» **Your objective**
Exact copies of the lines below, from the one with "Cropped shot of" up to and including the one with "a wedding couple", are what this calls for; leave out pictures.

» **Records for the task**
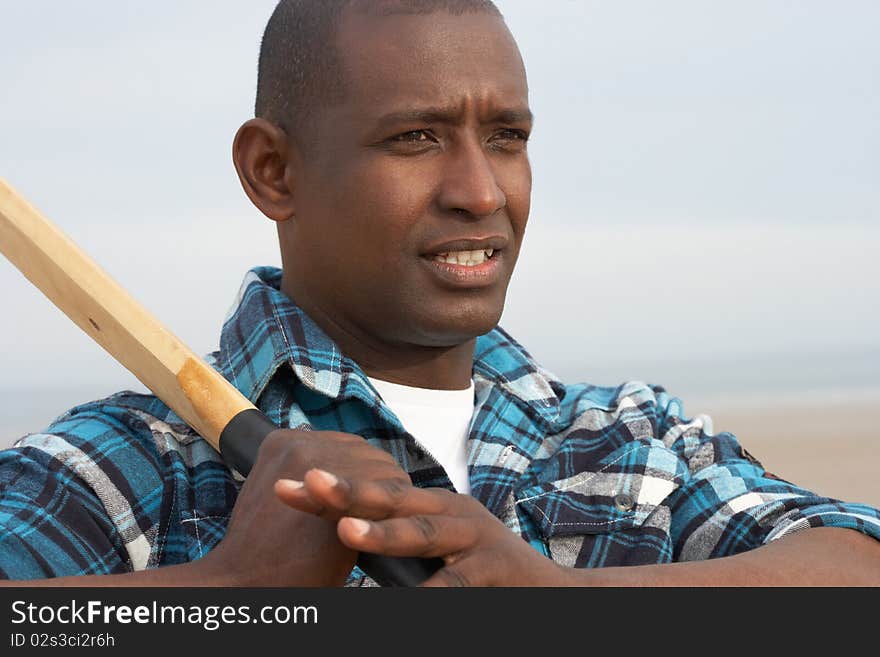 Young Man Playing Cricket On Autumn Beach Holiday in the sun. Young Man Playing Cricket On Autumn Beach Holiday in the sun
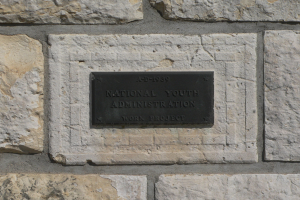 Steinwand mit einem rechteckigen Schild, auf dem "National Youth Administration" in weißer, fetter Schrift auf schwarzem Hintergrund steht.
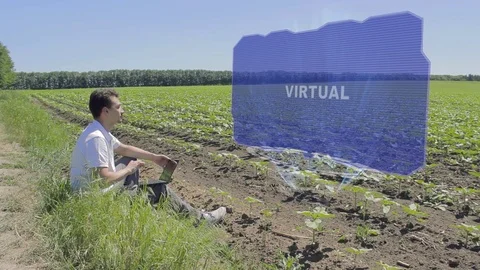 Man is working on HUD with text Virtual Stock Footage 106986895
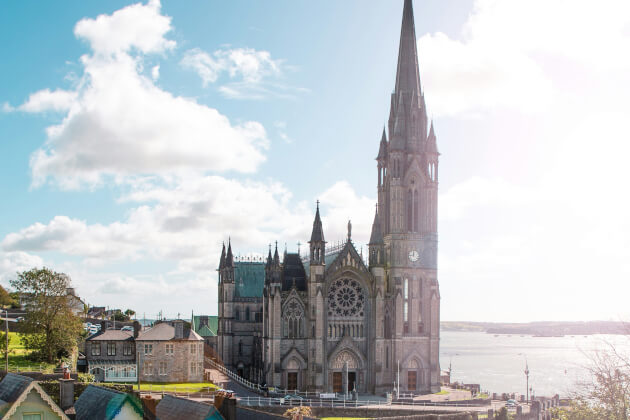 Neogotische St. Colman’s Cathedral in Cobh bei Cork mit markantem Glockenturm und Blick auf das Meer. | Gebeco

--

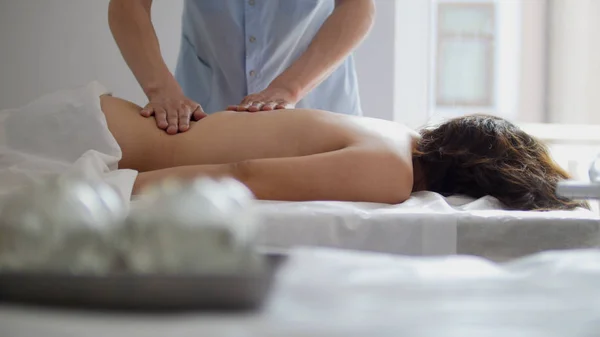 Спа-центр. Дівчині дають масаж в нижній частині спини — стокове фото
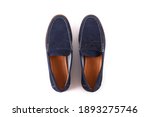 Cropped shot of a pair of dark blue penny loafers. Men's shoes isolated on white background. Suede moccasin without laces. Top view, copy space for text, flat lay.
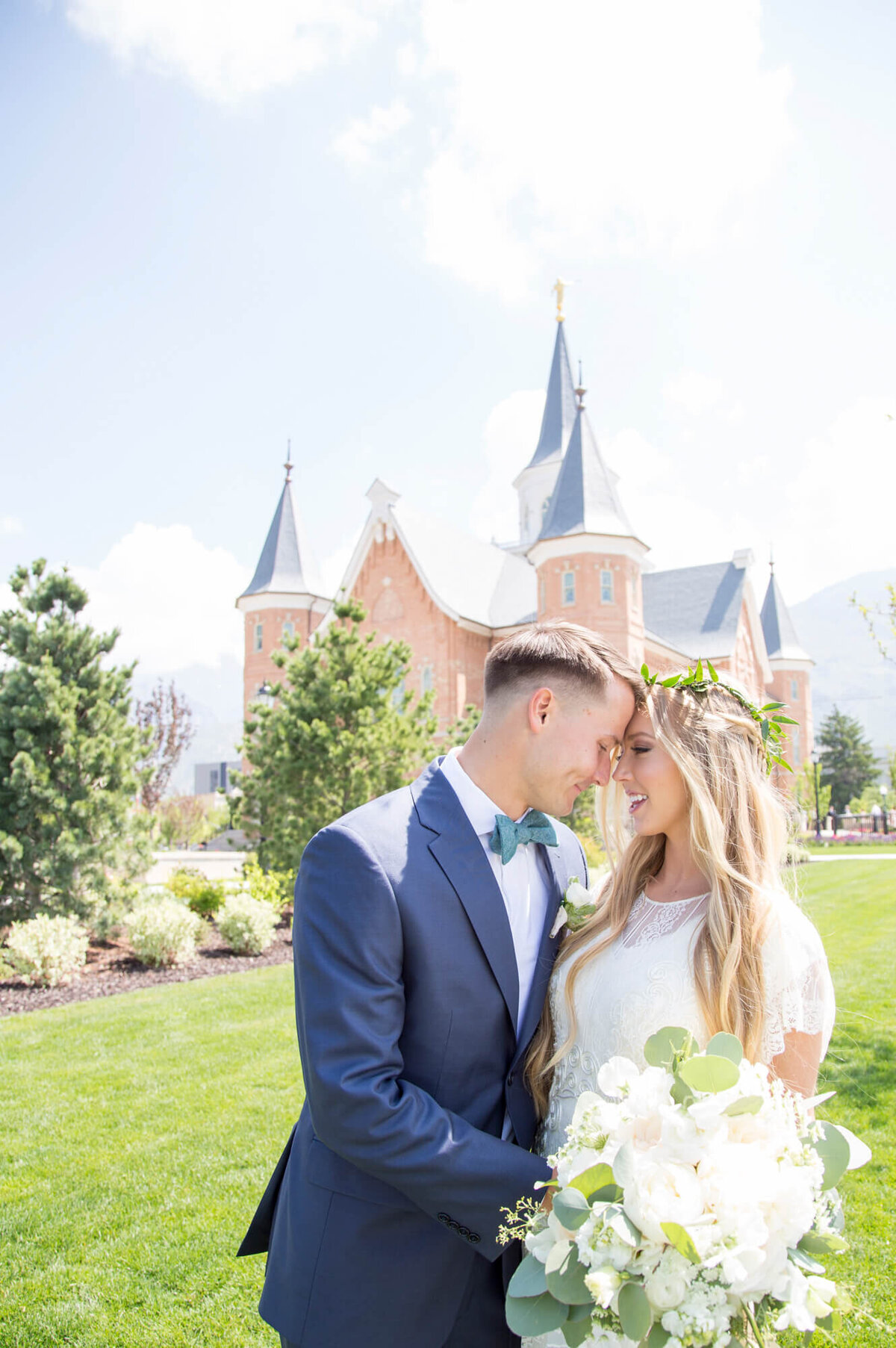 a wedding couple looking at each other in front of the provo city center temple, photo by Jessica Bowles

---

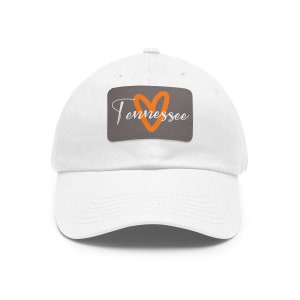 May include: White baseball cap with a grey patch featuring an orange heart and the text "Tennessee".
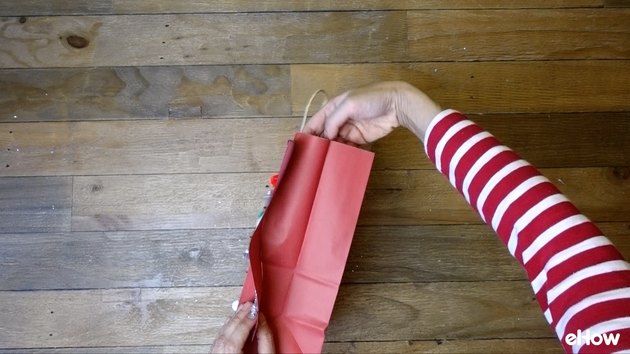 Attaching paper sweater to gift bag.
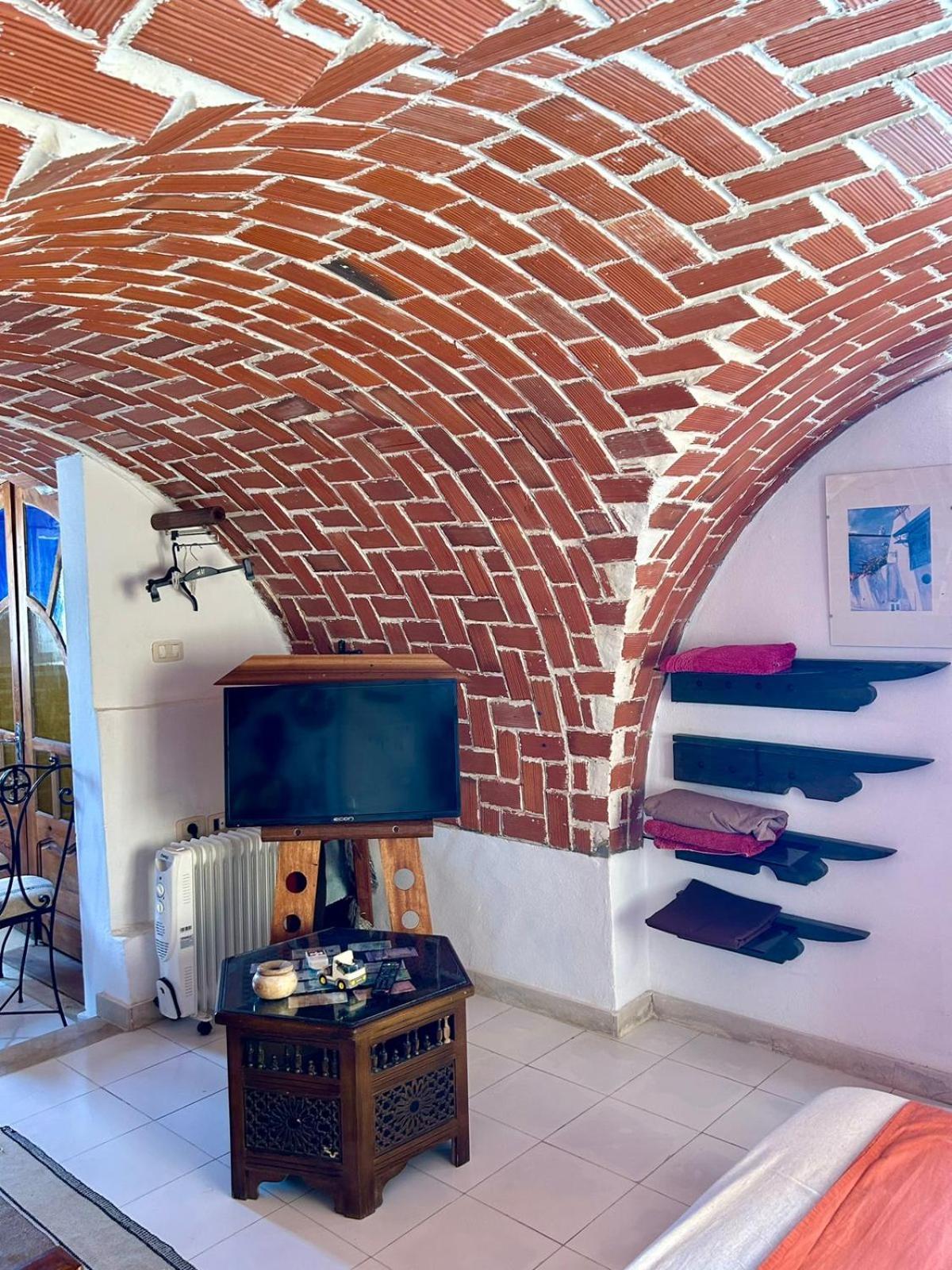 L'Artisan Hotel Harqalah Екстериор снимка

» **Output**
 Cropped shot of a pair of dark blue penny loafers. Men's shoes isolated on white background. Suede moccasin without laces. Top view, copy space for text, flat lay.
 a wedding couple looking at each other in front of the provo city center temple, photo by Jessica Bowles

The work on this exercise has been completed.